Revisiting Weakly Supervised Pre-Training of Visual Perception Models
This work addresses the development of visual recognition systems by demonstrating the effectiveness of weakly supervised pre-training, which is incremental as it builds on existing weakly supervised approaches with updated methods and data.
The paper tackled the problem of model pre-training for visual recognition by revisiting weakly supervised pre-training using hashtag supervision with modern residual networks and a large dataset, finding that these models are very competitive across transfer-learning settings and substantially outperform self-supervised counterparts.
Model pre-training is a cornerstone of modern visual recognition systems.
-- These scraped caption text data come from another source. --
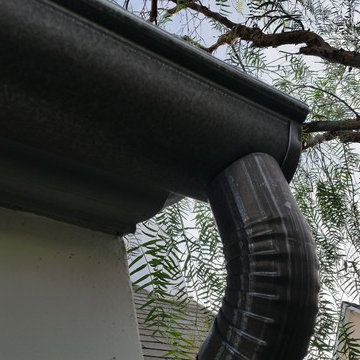 Bonderized Steel, 5 inch Half Round Seamless Gutters with Round Downspouts.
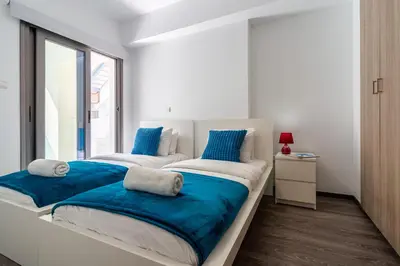 two beds in a white room with a window at Crystal 2-Bedroom Apartment in Larnaca in Larnaka
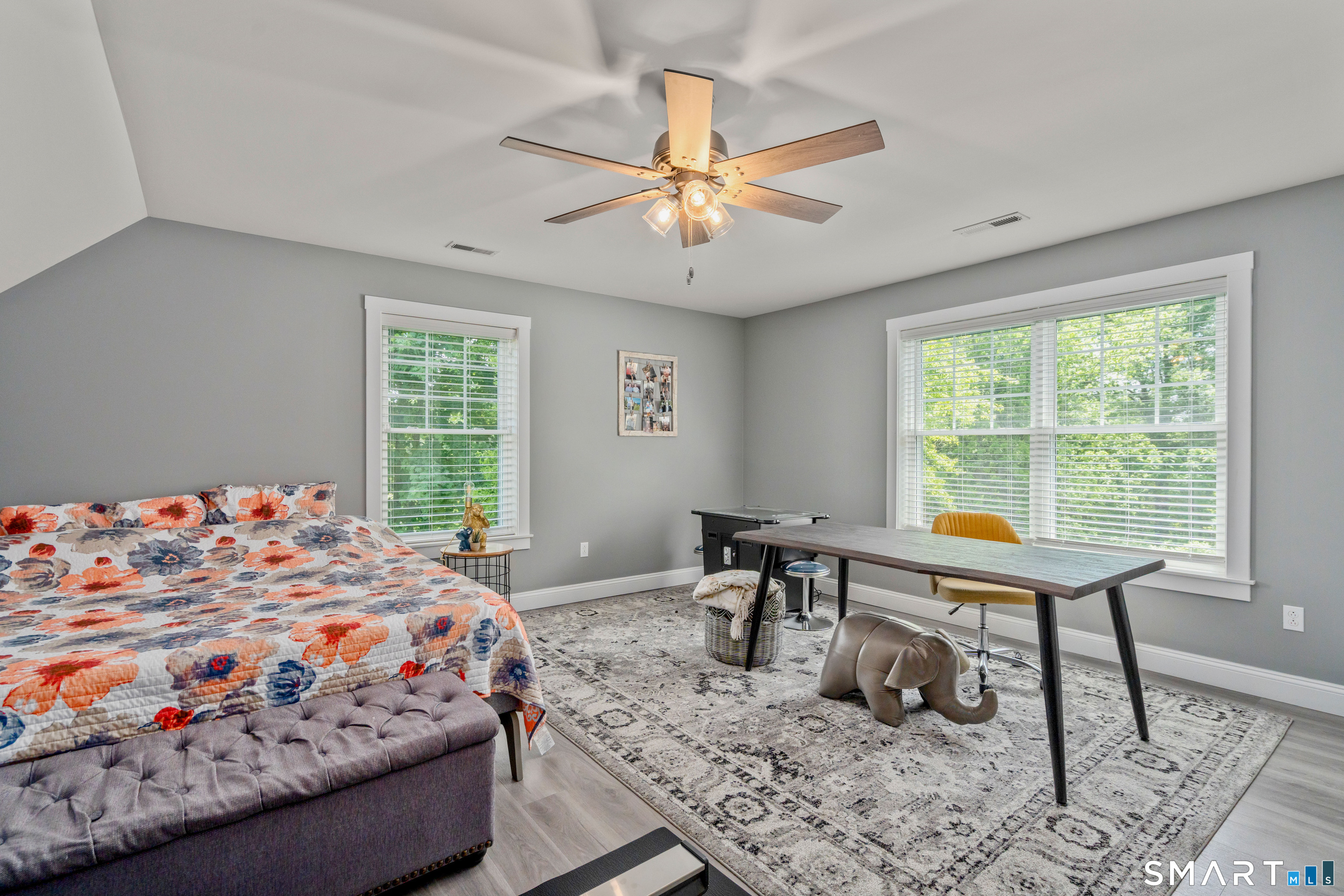 5 Limric Lane Suffield, CT 06078 - Photo 23 of 36 a bedroom with a bed and a table in it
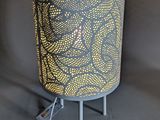 a close up of a lamp on a stand with a cord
Although fully supervised pre-training on datasets like ImageNet is still the de-facto standard, recent studies suggest that large-scale weakly supervised pre-training can outperform fully supervised approaches. This paper revisits weakly-supervised pre-training of models using hashtag supervision with modern versions of residual networks and the largest-ever dataset of images and corresponding hashtags. We study the performance of the resulting models in various transfer-learning settings including zero-shot transfer. We also compare our models with those obtained via large-scale self-supervised learning. We find our weakly-supervised models to be very competitive across all settings, and find they substantially outperform their self-supervised counterparts. We also include an investigation into whether our models learned potentially troubling associations or stereotypes. Overall, our results provide a compelling argument for the use of weakly supervised learning in the development of visual recognition systems. Our models, Supervised Weakly through hashtAGs (SWAG), are available publicly.